You are a star Lliena thank you xxx


----------



## Lliena

retromum1 said:


> You are a star Lliena thank you xxx


no worries hun :) my OH said he wouldnt do Clapham with a buggy cos theres no lift so he found that way for you x


----------



## retromum1

Lliena said:


> retromum1 said:
> 
> 
> You are a star Lliena thank you xxx
> 
> 
> no worries hun :) my OH said he wouldnt do Clapham with a buggy cos theres no lift so he found that way for you xClick to expand...

Thank you Lliena's husband :hugs:


----------



## Lliena

retromum1 said:


> Lliena said:
> 
> 
> 
> 
> 
> retromum1 said:
> 
> 
> You are a star Lliena thank you xxx
> 
> 
> no worries hun :) my OH said he wouldnt do Clapham with a buggy cos theres no lift so he found that way for you xClick to expand...
> 
> Thank you Lliena's husband :hugs:Click to expand...

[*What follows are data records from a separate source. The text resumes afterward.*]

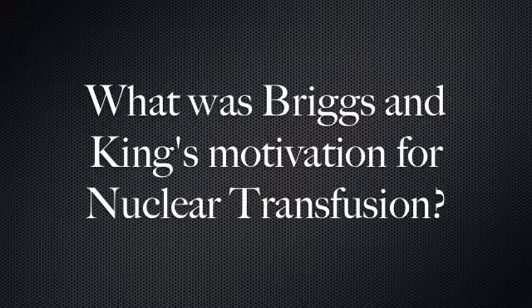What was Briggs and King's motivation for nuclear transfusion? The first question they wanted to answer was: can older nuclei direct the differentiation needed to create an embryo? They quickly moved to their second question: does the cell's nucleus remain totipotent as it continues to age and differentiate?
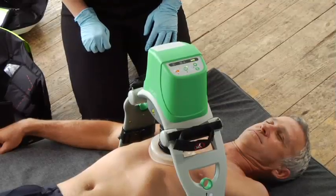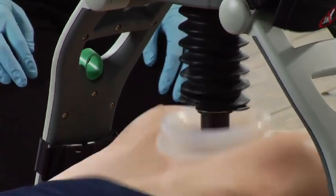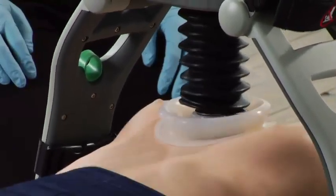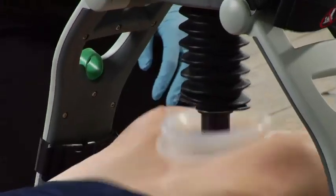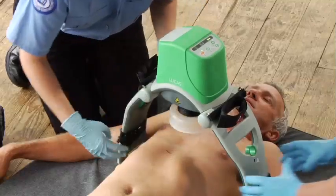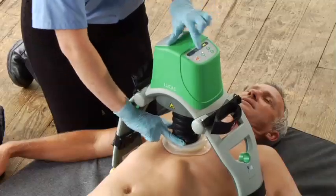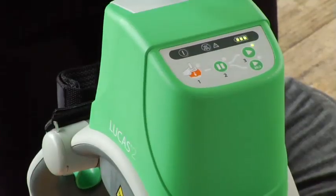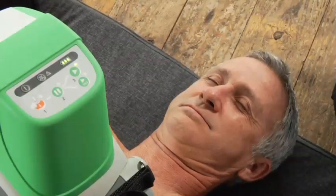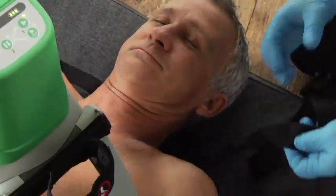So let's do some compressions. Push the active button and there it goes. If you need to reposition Lucas, make all adjustments as quickly as you can. Pause Lucas and go to adjust mode. Adjust the position, reset the pressure pad — hold it there while you press pause to set that position. Then push the active button to resume compressions.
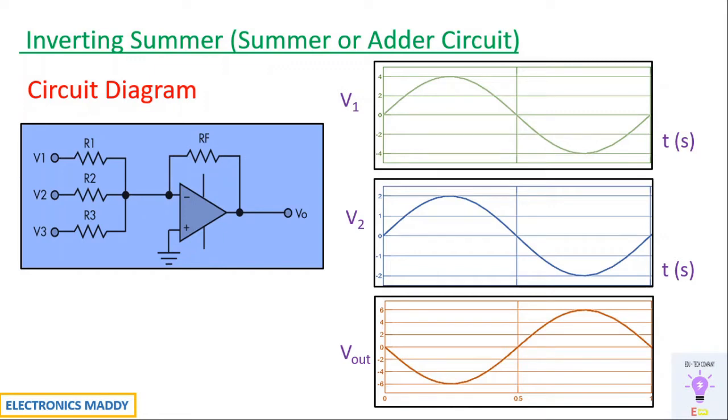If R1, R2, and RF are not the same, then the gain formula changes — the output voltage expression becomes minus of (RF/R1 × V1) + (RF/R2 × V2). You have to solve that to get the output value.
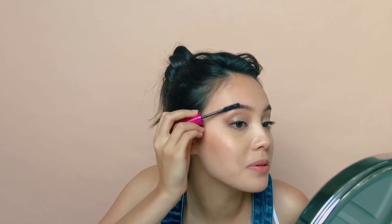You know what? Why don't you just put some mascara in there? Because I'm lazy.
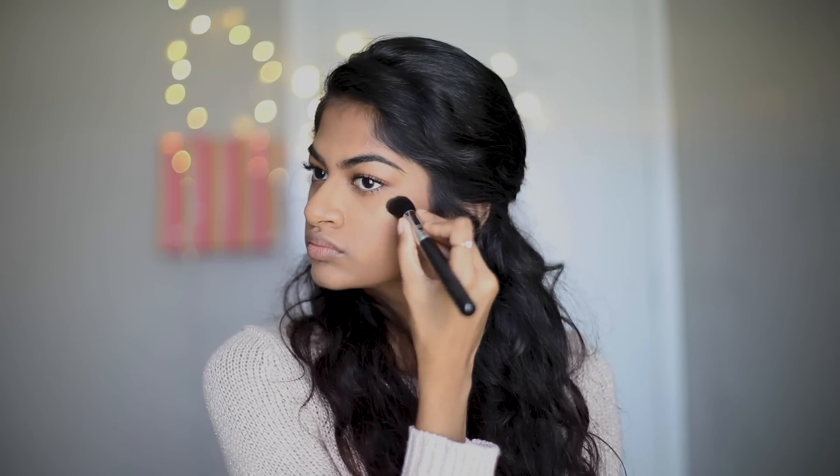Highlighter can be used to give the skin some glow. Many of you have asked how I get the glowing, shiny skin — this is the secret. I apply highlighter to the high points of my cheeks, above my brow, the inner corners of my eyes, the tip of my nose, and my cupid's bow.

It's his job really he's a customer services manager for London Midland hehe :D


----------



## litlun

Hi ya, 
Im going and would love to meet up. In 2nd tri we were just having a convo about this so glad i found this thread. Ill let the others know x


----------



## Dopeyjopey

Whoooo, ticket booked :)

Lliena, do you think i'll need to prebook the train ticket or will it be ok to get at the station? x


----------



## Lliena

Might be cheaper if you prebook it hun thats the only advantage I can think of :) Are we gonna do what we said and change at milton keynes so we dont have to naivigate Euston?


----------



## Dopeyjopey

Yeah i think that's probably the best idea. If i pre book i'll probably get it wrong so i think i'll just buy on the day. Will just need to check with you nearer the time which station we're ending up at (still have baby brain!) x


----------



## Lliena

We are ending up at West Brompton :)


----------



## lynnikins

i can meet you girlies at West brompton if you like its just getting off one stop earlier for me lol and will be a dam site easier to find others there than at EC or at the BS


----------



## Lliena

Yep thats cool hun my OH said its just across road to Earls Court :)


----------



## lynnikins

yeah it is lol from the tube train pulling into WB station you can see Earls court 2 which is part of the complex lol


----------



## Lliena

Fab when I've had a look and me and Dopeyjoey know what time we get into EC we can sort out when to meet :D


----------



## Jetters

Yep let us know the timings Lliena! 

I'm gonna have a blue helium balloon tied to my buggy so you can all find me :happydance:


----------



## Mynx

That's a good idea actually. I'll see if Nikkinoonoo and I can do the same :)


----------



## nervouspains

Oh I SO want to go!! But day before, baby boo has a hospital appontment and depending on how that outcome is, only then I would be abe to deicide! xx


----------



## jms895

Wish I could have come :( but I am in London 21st Oct for Dirty Dancing and overnight stay, then travelling back 22nd :(

Have a good time ladies!


----------



## lynnikins

gonna have to do something so you all know its me lol hehe i'll have a think


----------



## Lliena

Jetters is tying a blue balloon to her buggy. I think we are gonna arrange a meeting point anyway hun so we can all find each other :)


----------



## Dopeyjopey

I should be pretty easy to spot :)


----------



## Lliena

And me, so together they have no chance of missing us :rofl:


----------



## Dopeyjopey

Hehe, i'll probably have my new rocks on so i can see over crowds too (i'm only 5ft1!)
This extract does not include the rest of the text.